Menus for HTML email

Acorn comes with navigation components that make it easy to add menus to your emails.


Basic

A simple table structure, where each menu item is a table cell that contains an anchor tag.

All menu items except the last one have 24px right padding. Depending on where you place the menu, you might need to adjust this in order to accomodate (more) menu items.

Menus can also be centered by using the align-sm-center class on the main table. In this example, we are creating an email header module by using a logo in the left column, and floating the menu to the right, for desktops and tablets.
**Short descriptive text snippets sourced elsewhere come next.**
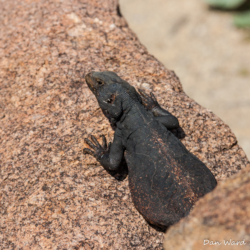 49 Palms Oasis-Chuckwalla Lizard-12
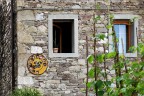 Pesariis (UD) img.036
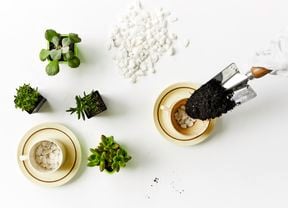 Overhead view of succulents in pots and soil being added to a teacup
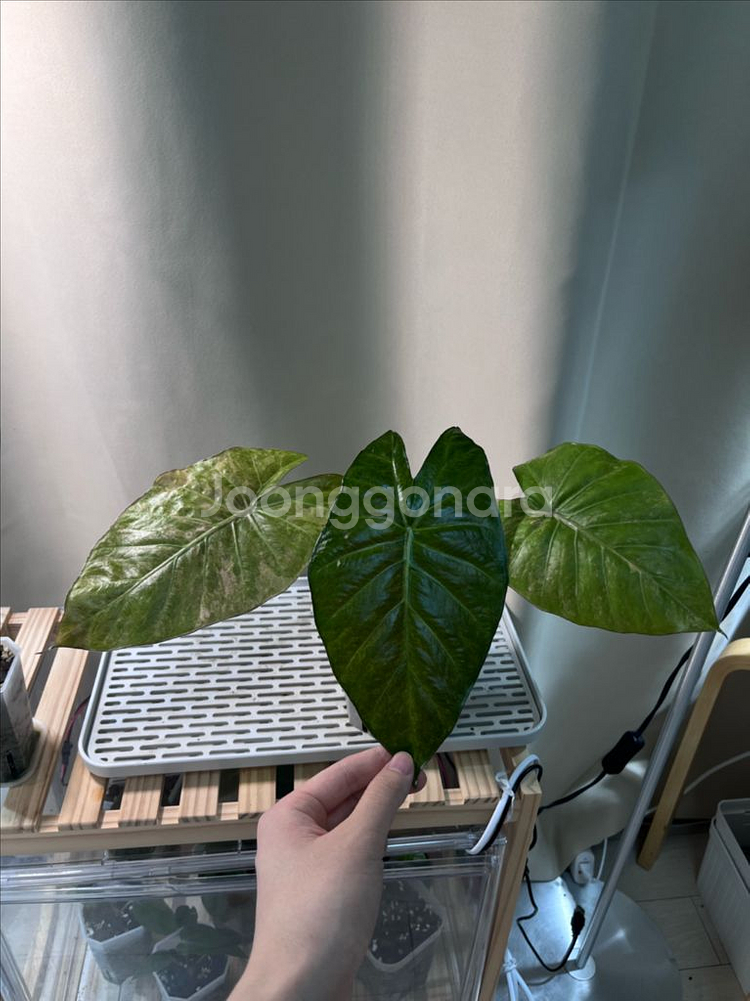 알로카시아 인카돌리스 옐로우 바리에가타--0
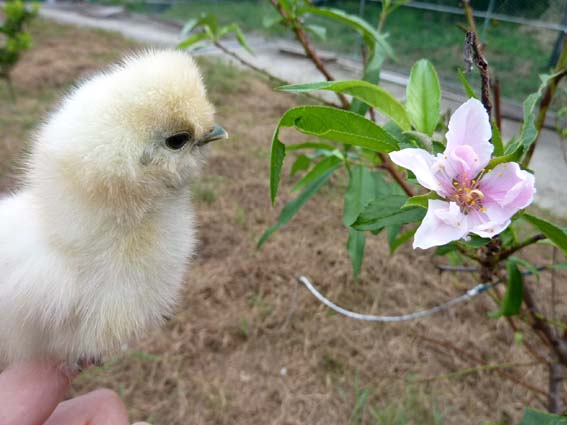 秋なのに桃の花が咲いてるぴよ(ﾟoﾟ;) ／ 烏骨鶏（うこっけい/ウコッケイ）写真集UcoPic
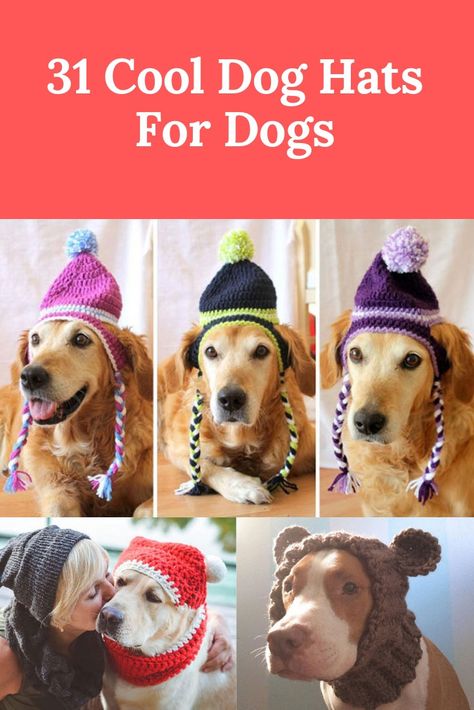 Crochet Dog Hat Large, Knit Hats For Dogs Pattern, Crochet Dog Leggings, Free Crochet Pattern For Large Dog Hat, Crocheted Dog Hats Free Pattern, Hats For Dogs Crochet Free Pattern, Free Dog Hat Knitting Pattern, Crochet Dog Hat Patterns Free, Crochet Large Dog Hat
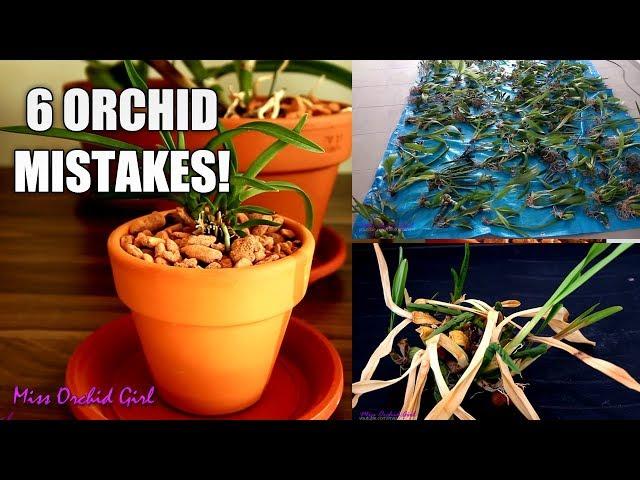 6 Orchid mistakes I wish I never did!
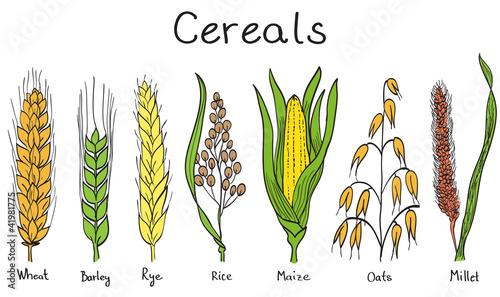 Cereals hand-drawn illustration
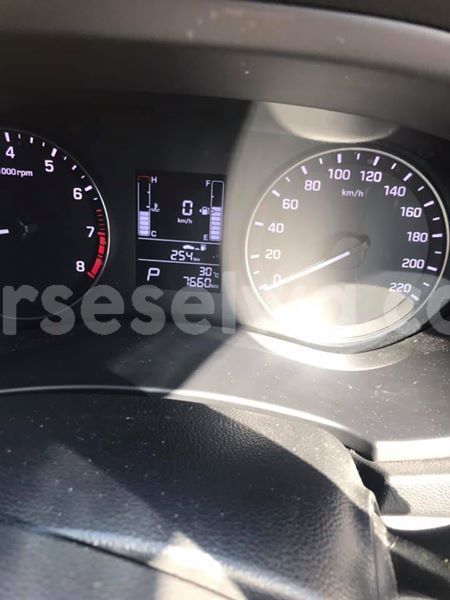 Big with watermark 52276830 10158300318494552 119797680246358016 n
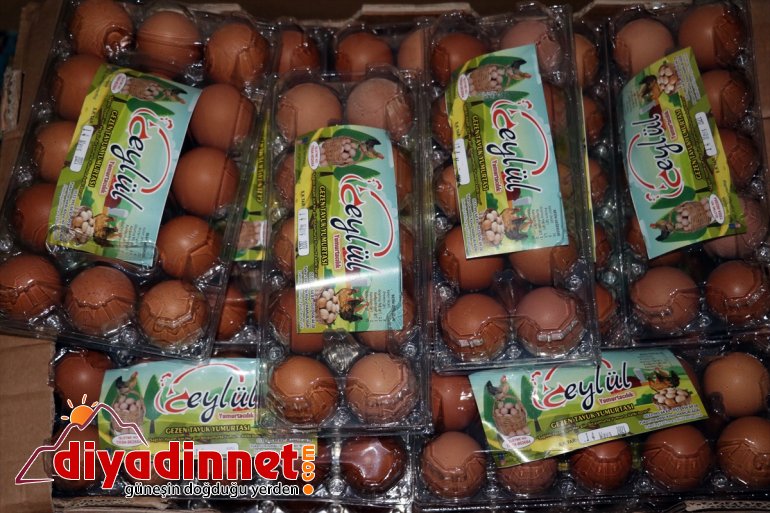 için AĞRI üretimi emekli yumurta memur, Köyüne çiftliği - tavuk organik dönen kurdu 11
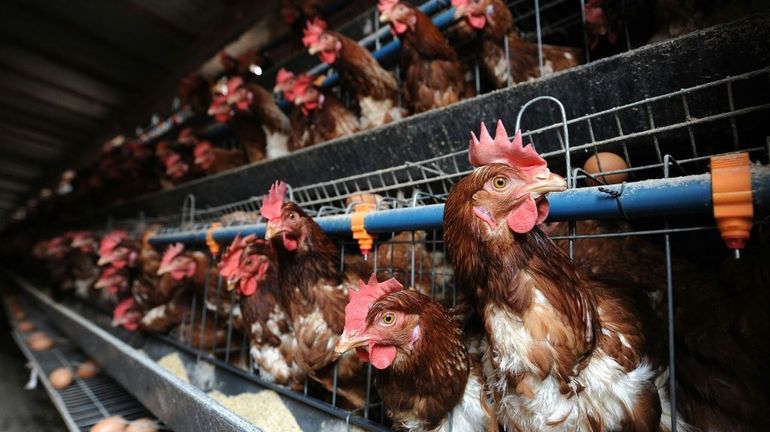 Chine : en raison des températures caniculaires, les poules pondent moins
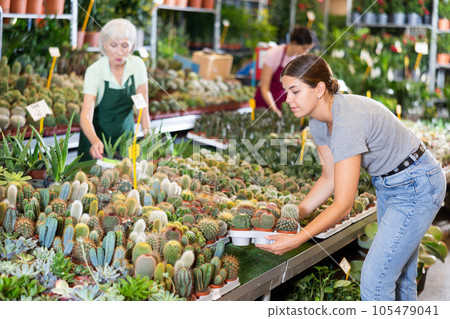 Woman choosing potted plants - different small prickly cactus for her home apartment in greenhouse or flower store Woman choosing potted plants - different small prickly cactus for her home apartment in greenhouse or flower store 105479041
On mobile, everything gets centered:

Hamburger

Acorn also includes an awesome interactive menu, usually referred to as a hamburger menu.

It looks the same as the Basic Nav on desktop and tablets, but for mobile the nav items are hidden and you can reveal them by tapping on a menu icon. The menu icon is a fluid retina image that is hidden for desktop clients and shown on mobile with a responsive display utility class.

The hamburger navigation uses a :hover technique, no inputs. So you can safely use it with email service providers that don't allow form elements in your emails. Like MailChimp.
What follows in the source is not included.